A few weeks ago, I was asked by my partner to defrost some fish for dinner. Out of curiosity I asked, “What sort of fish is it?” to which she replied, “I don’t know, it’s just fish”. In a household kitchen, not having perfect information probably isn’t going to cause many issues; but under different circumstances–as in healthcare–it could cause significant, life-threatening problems. 

Orion Health recently released my white paper The Value of Semantic Interoperability for Healthcare. The paper discusses how, amongst other things, computer systems that can infer meaning from standardised clinical terms–condensing broad sets of information into easy-to-access terminologies–can greatly benefit healthcare.  As the paper is quite technical, I thought it would be worthwhile expanding on an important topic in that ‘easy-to-access’ way; which is where fish comes in.

Words can mean different things to different people and the word “fish” is a good example of this. Your local takeaway store will, more than likely, think of fish in the terms of whether it tastes better grilled or battered and which is more popular. When a marine biologist thinks about fish they possibly think of types and sub-types, colours, observed migration paths, and physiological and anatomical structures. Then there’s me who thinks about fish simply as food.

The language we use, and the words we choose, convey meaning and emotion in a way that is unrivalled in the animal kingdom. Yet humans are fallible and can easily be misunderstood and misinterpreted, which can lead to issues – especially within healthcare.

The aquatic example shows how a simple, well-known word can carry numerous different, potentially abstract meanings in a variety of contexts. In the demanding healthcare environment, conveying unambiguous meaning is essential. Because of this, it’s important that internal IT systems aggregate and present terminologies in a standardised way that is familiar to all clinicians. Collecting this data in such a way allows for precise, more comprehensive analytics and quicker, more accurate diagnoses in the future.

Healthcare professionals can use a range of terms to describe illnesses or injuries, for instance, heart attacks. What we call a “heart attack” could be described as exactly that or, under a different term, as a myocardial infarction, a myocardial infarct, an MI, or even a cardiac infarction. All these terms refer to the exact same thing, yet they’re all represented differently. Further to this though, what is the context of this condition? Does the patient have a personal history of heart problems? Is there a family history of this condition? Is this happening right now? Etc.

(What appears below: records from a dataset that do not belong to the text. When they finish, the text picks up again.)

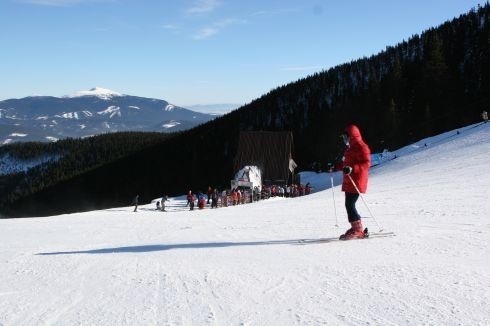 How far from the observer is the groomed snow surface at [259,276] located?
12.2 feet

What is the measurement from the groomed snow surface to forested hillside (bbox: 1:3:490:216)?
5654cm

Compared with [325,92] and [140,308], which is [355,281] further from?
[325,92]

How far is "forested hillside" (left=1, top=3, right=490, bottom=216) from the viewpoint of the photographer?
64.1 m

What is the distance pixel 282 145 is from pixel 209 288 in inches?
1601

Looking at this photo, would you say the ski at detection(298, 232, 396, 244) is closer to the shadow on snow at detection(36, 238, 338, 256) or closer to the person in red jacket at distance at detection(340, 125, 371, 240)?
the shadow on snow at detection(36, 238, 338, 256)

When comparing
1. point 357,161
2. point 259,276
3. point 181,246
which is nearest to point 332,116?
point 357,161

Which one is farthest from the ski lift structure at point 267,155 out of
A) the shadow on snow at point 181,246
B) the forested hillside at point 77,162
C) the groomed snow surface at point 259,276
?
the forested hillside at point 77,162

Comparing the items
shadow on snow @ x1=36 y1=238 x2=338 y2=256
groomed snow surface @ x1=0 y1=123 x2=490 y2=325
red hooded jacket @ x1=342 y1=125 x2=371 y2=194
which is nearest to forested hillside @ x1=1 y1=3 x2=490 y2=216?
red hooded jacket @ x1=342 y1=125 x2=371 y2=194

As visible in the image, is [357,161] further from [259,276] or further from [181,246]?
[181,246]

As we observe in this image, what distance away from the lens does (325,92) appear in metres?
96.8

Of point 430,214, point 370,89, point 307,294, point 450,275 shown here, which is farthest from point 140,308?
point 370,89

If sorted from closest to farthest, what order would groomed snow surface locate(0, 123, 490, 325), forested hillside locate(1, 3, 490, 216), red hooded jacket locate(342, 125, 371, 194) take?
groomed snow surface locate(0, 123, 490, 325) → red hooded jacket locate(342, 125, 371, 194) → forested hillside locate(1, 3, 490, 216)

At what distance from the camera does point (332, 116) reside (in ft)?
279

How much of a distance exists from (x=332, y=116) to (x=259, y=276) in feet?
270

Let’s imagine that you’re a healthcare provider in a clinical diagnostic scenario. You might conduct diagnostic tests and procedures with your observations which are then analysed as evidence to conclude whether a disorder is likely to be present or absent. You also might not have enough evidence either way and therefore consider it as a differential diagnosis. Once the evidence is clear and the diagnosis is confirmed, you would want a clear representation of that diagnosis, and its context, for other clinicians to unambiguously know what that could mean within their specialty – you don’t want them to have to fish for meaning.

Some more ambiguous terms that are based on classification systems could be compared to a generalised, statistical “net”, meaning everything that’s grouped in that net must fit under the same category. This isn’t typically supportive of efficient clinical workflow or high clinical data quality with relevant granular detail.

Healthcare professionals often don’t have time to remember and reference codes or their exact descriptions. You want to quickly document what you know, in a way that’s familiar to you. Common clinical abbreviations, acronyms, and synonyms should ideally be usable and the ideal computer system should be able to parse what you mean.

Lucky for us, we already have something that does that: SNOMED CT. SNOMED CT is an international healthcare domain ontology standard that represents both the common clinical terms and short hand that we use, and the various details about the clinical condition, procedure, item etc. that clinicians know. It is also valuable for clinical auditing, population health monitoring, and decision support.

There’s great value in capturing clinical data at a level of detail that conveys rich clinical meaning, using SNOMED CT, and enabling:

  • Easier, more intuitive clinical system use–clinicians can focus more on clinical care which minimises change management efforts
  • Minimised data duplication and re-entering through data aggregation and reuse
  • Improved clinical data quality and accuracy for auditing, reporting and resourcing analysis
  • Advanced clinical decision support tools–this includes improved machine learning models that can support clinicians’ workflows
  • Advanced population health analytics
  • Cost savings

If you’re a healthcare professional, don’t just be forced into a general statistical net. Think about it. What do you want from the time spent on your clinical system? What do you expect from your data? If you want to capture what you mean in a way that can save time while also capturing clinical detail, catch it hook-line and sinker.